Once the pictures are set aside, transcribe each line of the listing exactly.
══ Information supplied ══
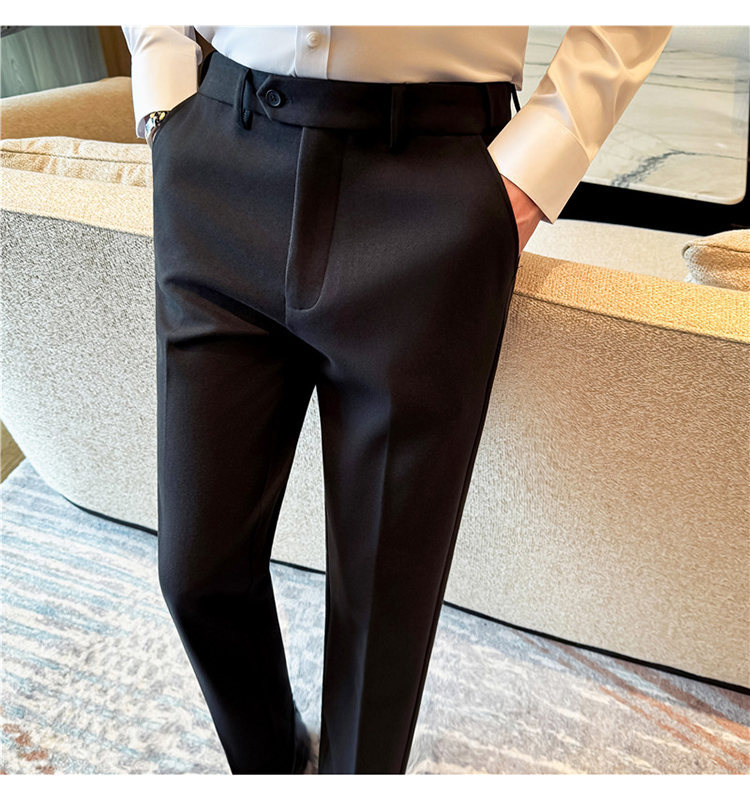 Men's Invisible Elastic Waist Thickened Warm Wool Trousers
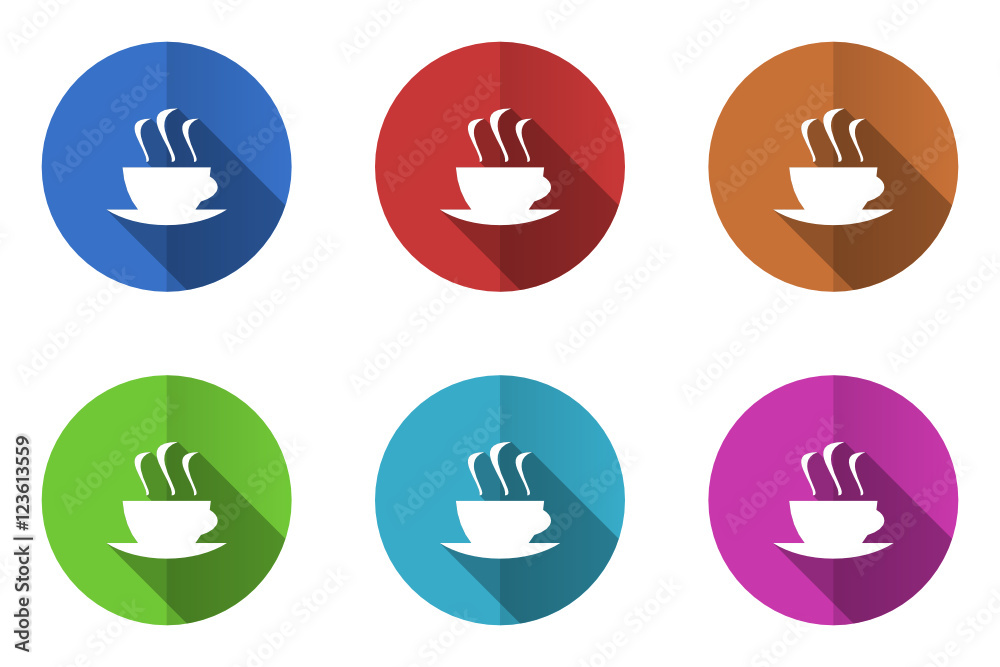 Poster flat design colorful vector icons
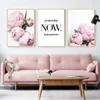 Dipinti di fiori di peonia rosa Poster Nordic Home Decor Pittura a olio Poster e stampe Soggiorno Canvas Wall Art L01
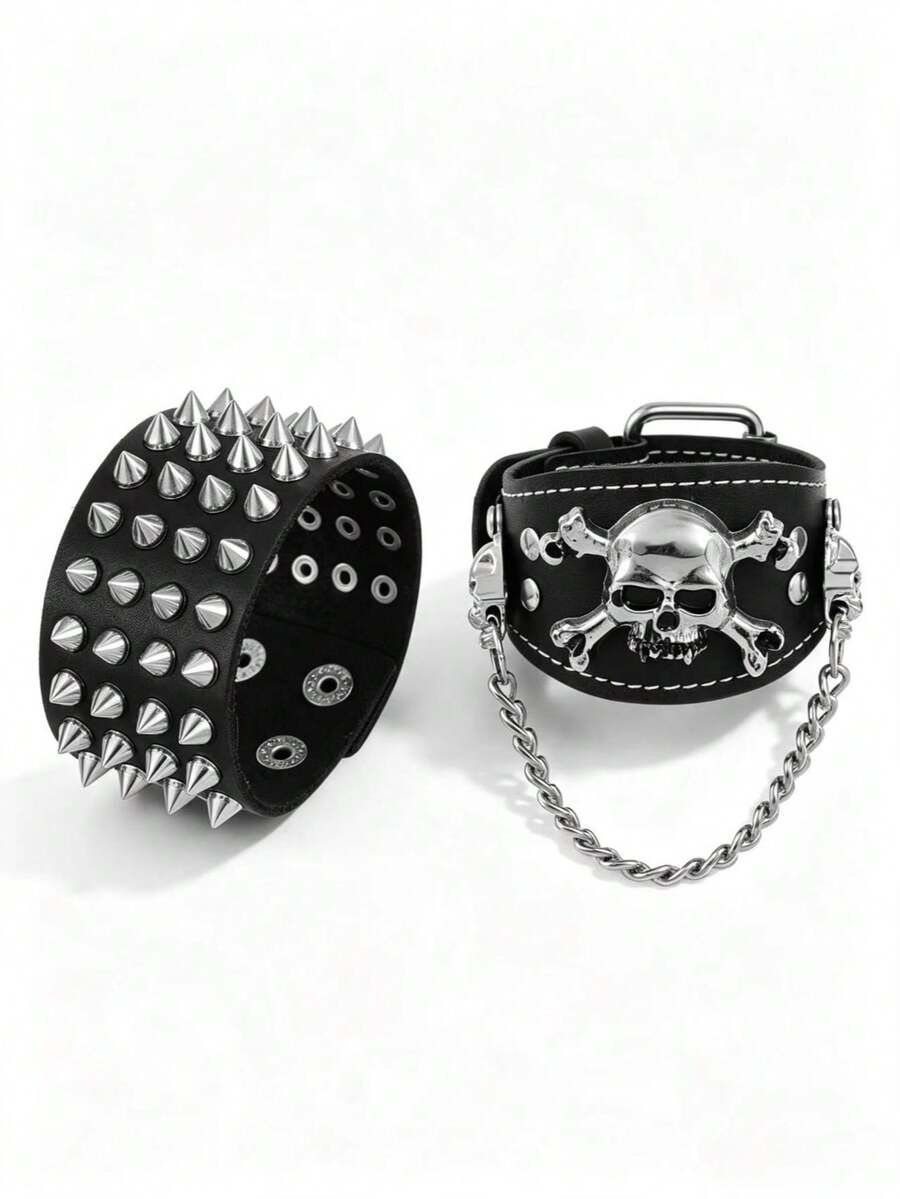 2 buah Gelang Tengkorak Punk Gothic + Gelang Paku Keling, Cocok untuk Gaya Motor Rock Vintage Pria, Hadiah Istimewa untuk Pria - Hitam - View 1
═══
**Response below**.
 Men's Invisible Elastic Waist Thickened Warm Wool Trousers
 Poster flat design colorful vector icons
 Dipinti di fiori di peonia rosa Poster Nordic Home Decor Pittura a olio Poster e stampe Soggiorno Canvas Wall Art L01
 2 buah Gelang Tengkorak Punk Gothic + Gelang Paku Keling, Cocok untuk Gaya Motor Rock Vintage Pria, Hadiah Istimewa untuk Pria - Hitam - View 1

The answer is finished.